Pamela Auburn Pamela Auburn 68605 Points

Here is a nice collection of trade books on the weather Kids are often fascinated by the weather. What are clouds made of? Where does thunder and lightning come from? Why does a tornado spin into a funnel? Explore the world of weather with our collection of fiction and nonfiction picture books, activities, interactive apps, online resources for deeper learning, and more. Browse 23 more kid-friendly themes at our new sister site, Start with a Book.

Pamela Auburn Pamela Auburn 68605 Points

This brief discusses the growing use of electronic media among young children; new digital divides between rich and poor, rural, and urban children; and what states can do to ensure thoughtful adoption of new technologies and interactive media by early childhood programs.

Crystal Radcliffe Crystal Radcliffe 1640 Points

It seems like science and social studies are the two subjects that always get pushed aside because there isn't enough time in the school day to teach them. I think one of the easiest ways to incorporate social studies or science is by having students read nonfiction books having to do with these subjects, this way students are getting the reading practice they need while also learning some science! While I understand this isn't ALL we should be doing in the elementary classroom, it is a start. I imagine that once students start to read about science, they are going to be curious about science, and then inquiry lessons can be made. So far in my studies (I'll be student teaching this Spring), I've come across several picture books that can be used at all grade levels. One of my favorite authors is Gail Gibbons. She has a multitude of books including: Alligators and Crocodiles Coral Reefs Galaxies... Galaxies... Hurricanes! Pumpkins Sharks Trains Exploring the Deep Dark Sea Weather Forecasting

Pamela Auburn Pamela Auburn 68605 Points

The December/January edition of educational leadership looks at common core implementation. In the article "Making the Shift" the author advocates (1) Building Knowledge through content rich non fiction and (2) Reading and Writing grounded in evidence. I especially liked these ideas as opportunity to link science and language arts. Many teachers complain that there is not enough time to teach science in elementary classes. Connected curriculum may help. Alberti, Susan (2012) "Making the Shifts, Educational Leadership 70 (4) p 24 and Duke, N (2004) The case for informational text Educational Leadership 61 (6) 40-44

Kathy Renfrew Kathy Renfrew 35938 Points

Thank you for sharing the resource. I totally agree with you that literacy is part of science and it should be part of effective science instruction. But there is a difference...reading and writing about science alone does not meet the criteria for effective science instruction.

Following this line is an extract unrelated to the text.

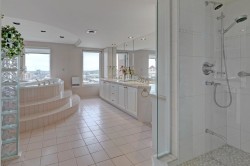 Master Bathroom - 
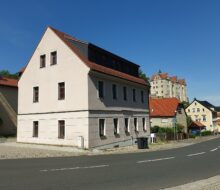 Renovierte 5-Zi-Whg. mit neuem Laminatboden in Nossen.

I just want us to be careful to differentiate between the two.


Matt Sandine Matt Sandine 665 Points

Hi Pamela, Thank you so much for the links to the different science literature websites. I find it so important that teachers work across content areas in order to enhance lessons. So much of what students learn relates to other disciplines, yet some teachers fail to explain that. Cross-curricular lessons also can help students see that what they are learning applies to the real-world. If every teacher managed to do cross-curricular activities, there would be no more of those pesky, "When will we ever use this?" questions coming from students. The Reading Rockets website seems very interesting and I look forward to checking out all it has to offer. Also, I second what Crystal said about the Gail Gibbons books. Ms. Gibbons has a multitude of books pertaining to different science concepts. Her books have very simple illustrations and make difficult science concepts easy for students to digest. Take care, Matt

Elena Snow Elena Snow 595 Points

Thank you for the great resources! I am always looking for interesting science texts to add or supplement to my lessons :)

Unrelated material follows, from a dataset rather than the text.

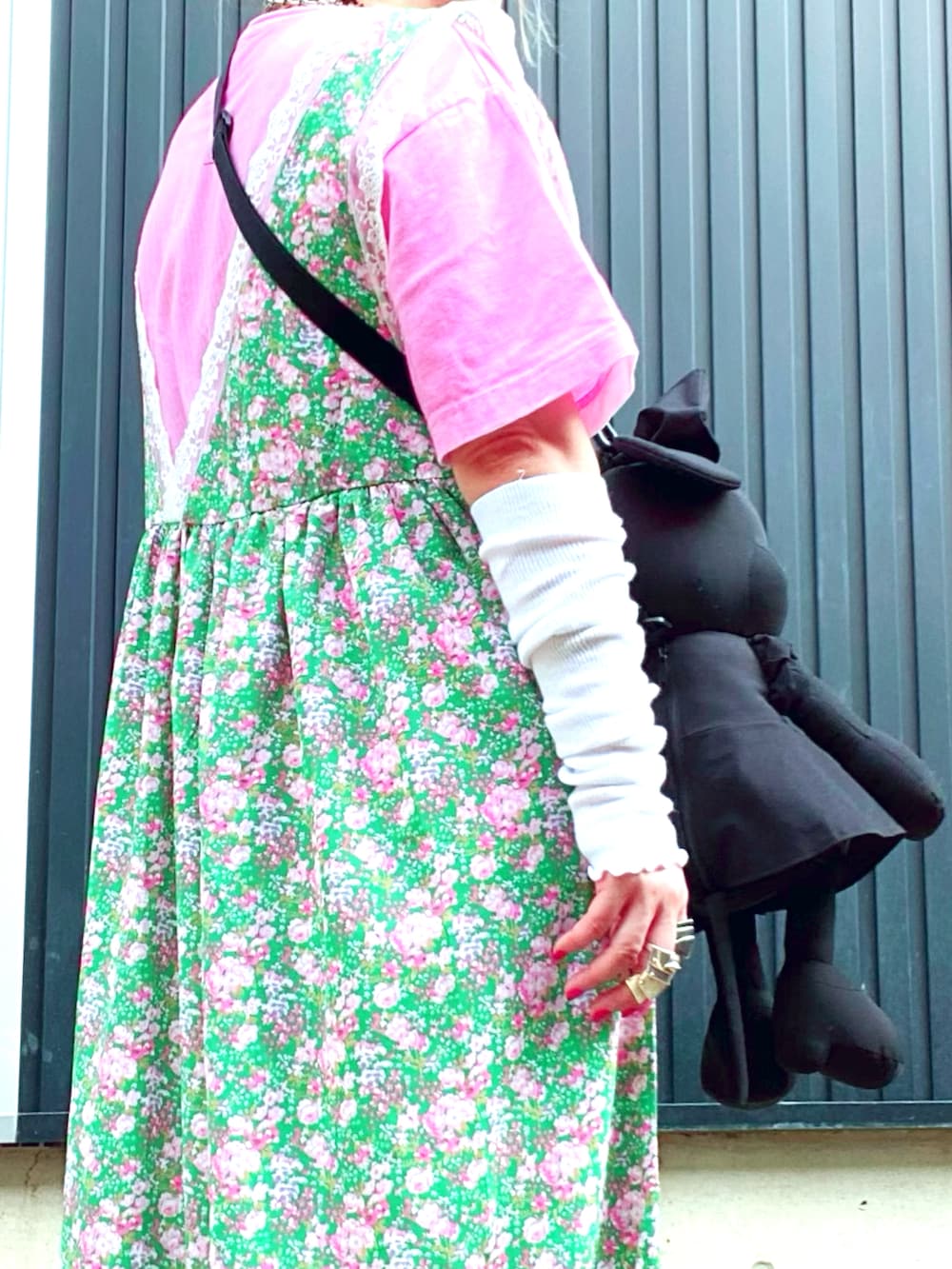 グリーン系のワンピース、ピンク系のTシャツ/カットソー、ブラック系のショルダーバッグを着用したレディースの夏コーディネートの2枚目の写真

Pamela Auburn Pamela Auburn 68605 Points

Nonfiction works can be used to teach literary techniques and model quality writing styles, such as using strong introductions and conclusions, metaphor and onomatopoeia... I like the idea of having students break down texts as a way to understand the effective use of language and evidence.

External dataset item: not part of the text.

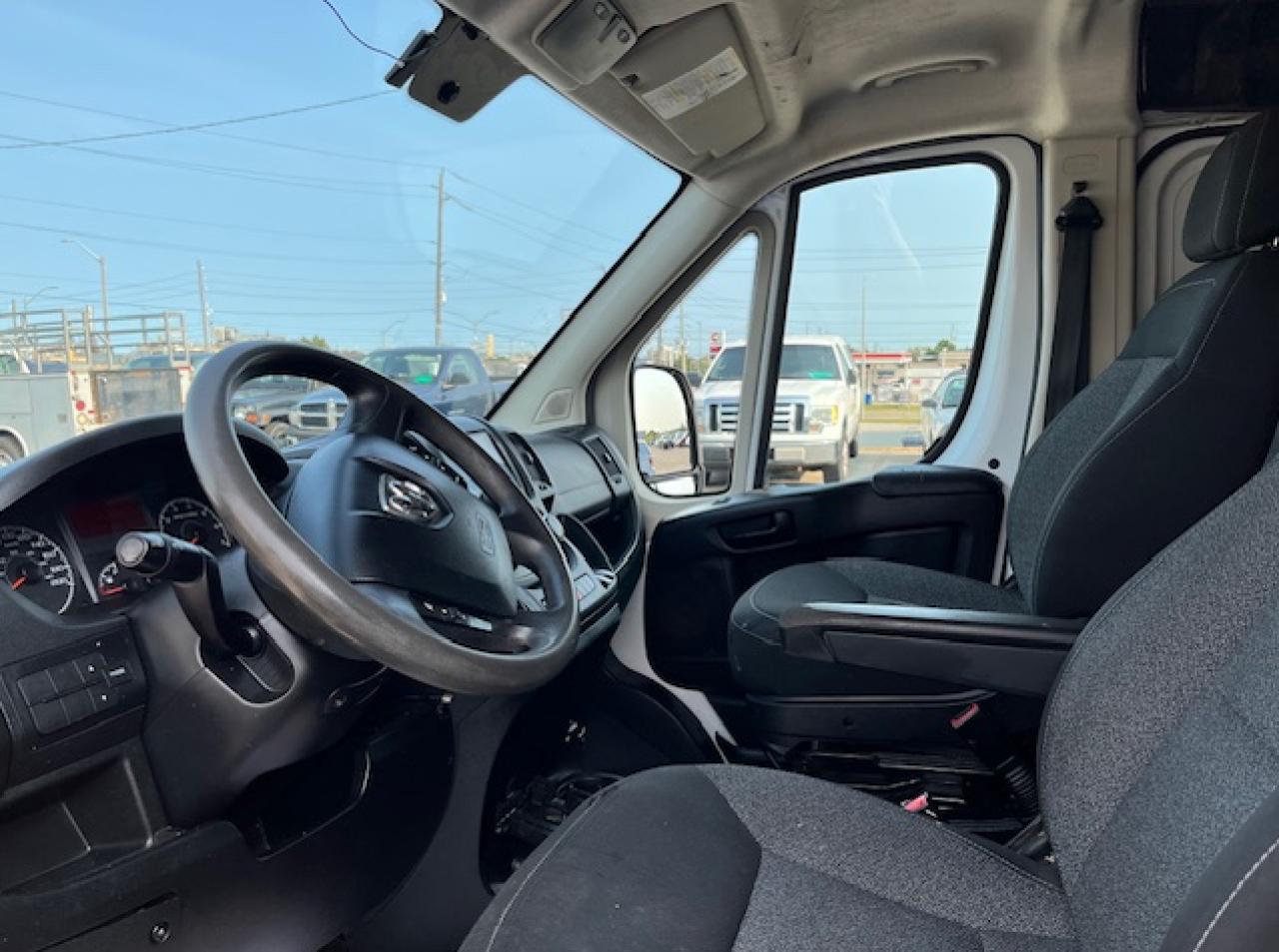 2014 RAM ProMaster 1500 Low Roof with Shelves Photo3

NSTA Book Beat" target="_blank">May 2013: Using Children’s Books to Guide Science Inquiry [i]Among all the good reasons to teach science and reading together, Picture-Perfect Science series authors Emily Morgan and Karen Ansberry highlight one truly compelling one: Research points to gains in science as well as reading when children’s literature and literacy instruction are used in the science program. This month’s issue of NSTA’s Book Beat features a new resource that can help you seamlessly teach science and reading in a way that draws students to enjoy and succeed at both. [/i]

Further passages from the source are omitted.